*** DATA TO PROCESS Section Begins ***

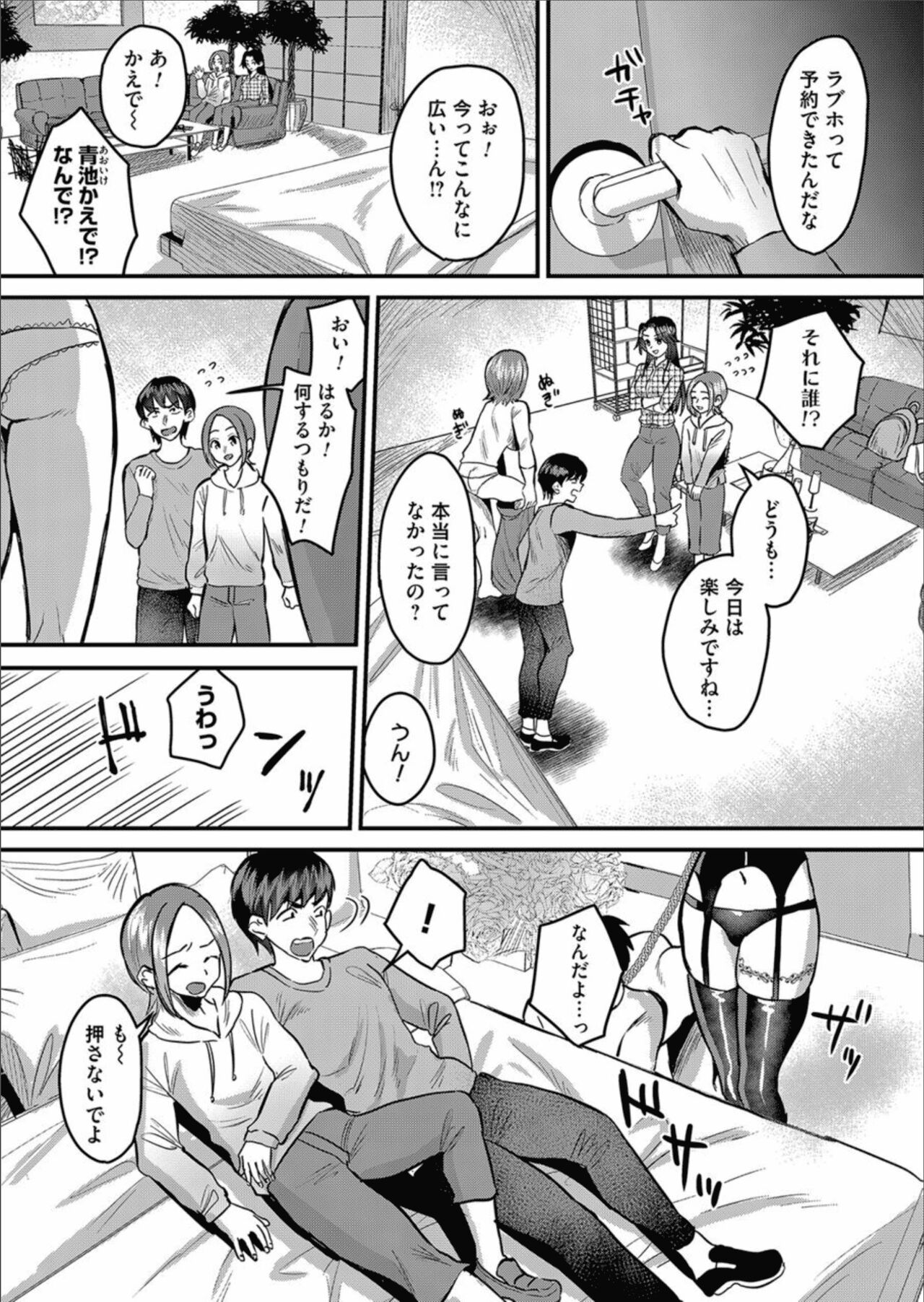COMIC Magnum Vol.158 - Page 144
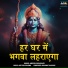 Amresh Choudhary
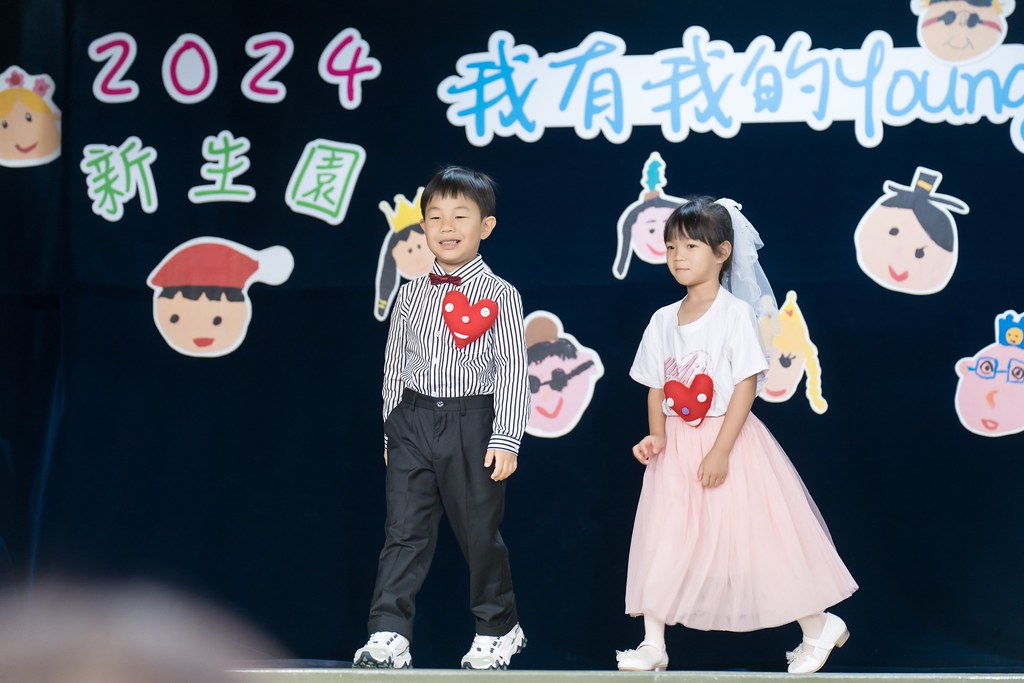 [活動攝影]2024蒙特梭利 新生園畢業典禮-最專業的團隊完成每場完美活動攝影，拍的不只好更要快! #活動拍攝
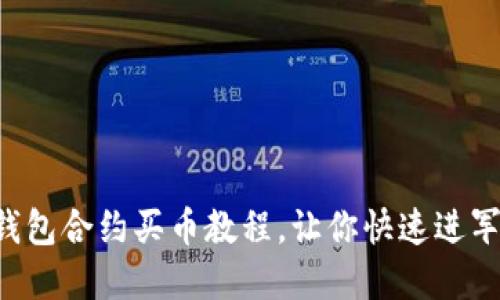 轻松掌握TP钱包合约买币教程，让你快速进军区块链投资！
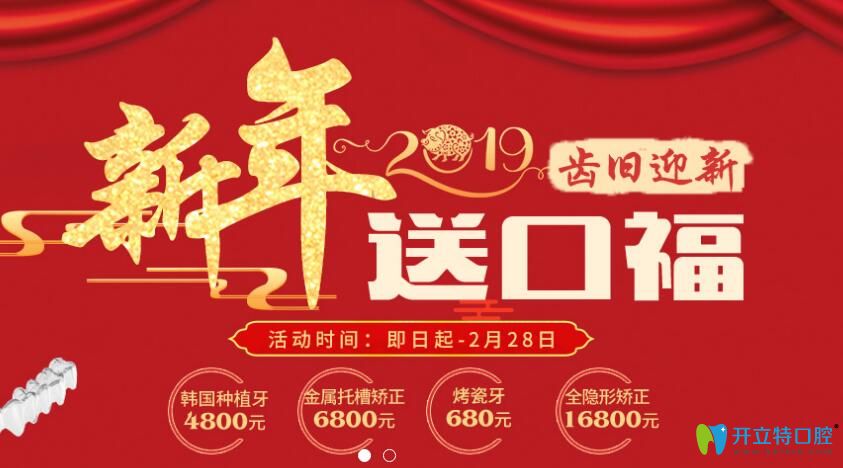 剛整理的2025全新深圳諾德齒科價格收費標準及顧客口碑評價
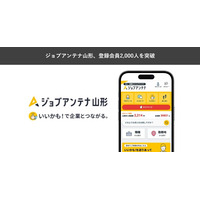 山形に特化した双方向な求人マッチングサービス「ジョブアンテナ山形」、9月15日に登録会員数2,000人を突破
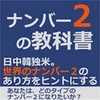 戦う組織にはナンバー2は不可欠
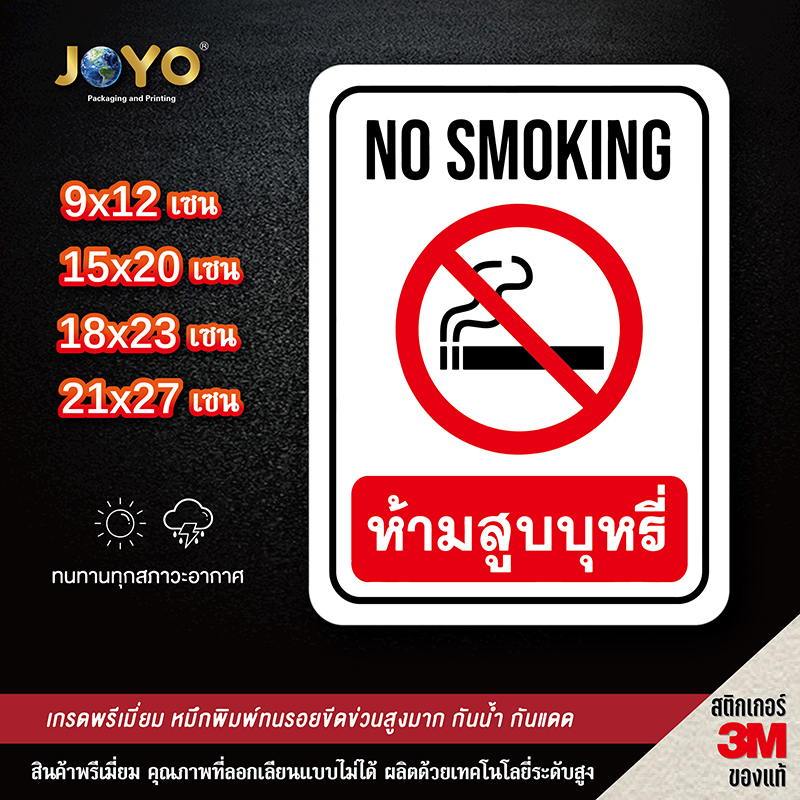 ป้ายห้ามสูบ No Smoking สติ๊กเกอร์กันน้ำ PVC อย่างดี ทนแดด ทนฝน ห้ามสูบ งดสูบ ห้ามสูบบริเวณนี้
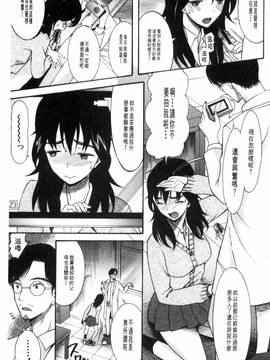 [風的工房][星憑ネオン] 王女様キター(゜∀゜)ー!_140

*** DATA TO PROCESS Section Ends ***

TASK DESCRIPTION:
Take the lines above from the top of the records through the one with "ป้ายห้ามสูบ No Smoking" and repeat them exactly, without any pictures.

TASK SOLUTION:
COMIC Magnum Vol.158 - Page 144
 Amresh Choudhary
 [活動攝影]2024蒙特梭利 新生園畢業典禮-最專業的團隊完成每場完美活動攝影，拍的不只好更要快! #活動拍攝
 轻松掌握TP钱包合约买币教程，让你快速进军区块链投资！
 剛整理的2025全新深圳諾德齒科價格收費標準及顧客口碑評價
 山形に特化した双方向な求人マッチングサービス「ジョブアンテナ山形」、9月15日に登録会員数2,000人を突破
 戦う組織にはナンバー2は不可欠
 ป้ายห้ามสูบ No Smoking สติ๊กเกอร์กันน้ำ PVC อย่างดี ทนแดด ทนฝน ห้ามสูบ งดสูบ ห้ามสูบบริเวณนี้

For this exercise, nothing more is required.